Use this pattern when you need SQL filtering and table outputs, but part of the pipeline must call Python libraries for decoding, feature extraction, or model inference.
Ingest pattern
- Build a relation with stable IDs, source locations, metadata, and optional bytes.
- Filter and project with SQL before expensive Python work.
- Use map_batches for decoding, feature extraction, or model inference.
- Keep UDF output schemas explicit.
- Write curated outputs to Parquet or another DuckDB-supported target.
Vane Data does not define a universal multimodal file format.
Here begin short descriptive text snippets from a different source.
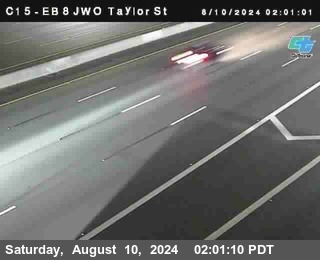 EB 8 JWO Taylor St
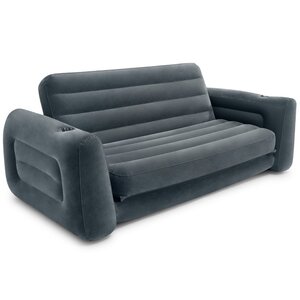 Надувной диван-кровать Pull-Out Sofa 203*224*66 см (INTEX, Китай). Артикул: 66552
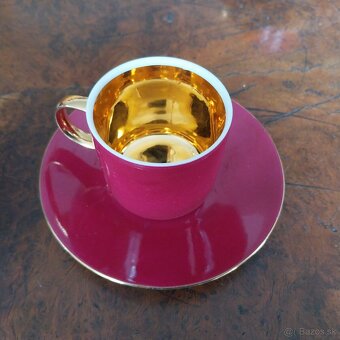 Čajová súprava pre 6 ľudí Carlsbad - československej výroby - 2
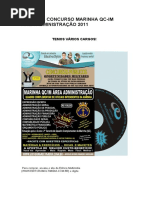 Download APOSTILA CONCURSO MARINHA QC-IM REA ADMINISTRAO 2011 by Editora Multimdia SN52769129 doc pdf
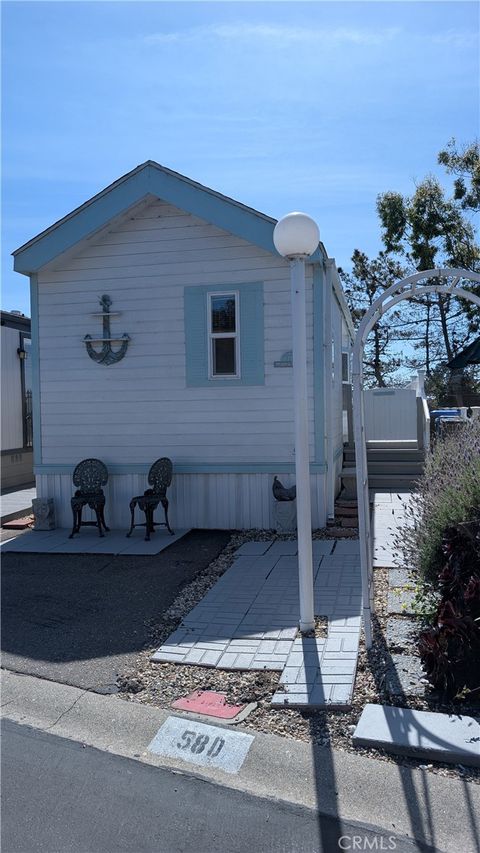 Tiny photo for 319 Highway 1 #58D, Grover Beach, CA 93433 (MLS # PI26059123)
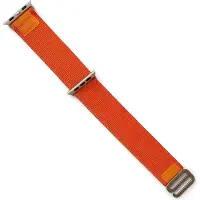 Hurtel Strap with Alpine steel buckle for Apple Watch 38/40/41 mm - orange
Choose column names and output formats based on the downstream system.
Images
For local image files, start with metadata and bytes:
from pathlib import Path import pyarrow as pa import vane rows = [] for idx, path in enumerate(Path("images").glob("*.png")): rows.append({ "id": idx, "source_uri": str(path), "image_bytes": path.read_bytes(), }) con = vane.connect() rel = con.from_arrow(pa.table({ "id": [row["id"] for row in rows], "source_uri": [row["source_uri"] for row in rows], "image_bytes": [row["image_bytes"] for row in rows], }))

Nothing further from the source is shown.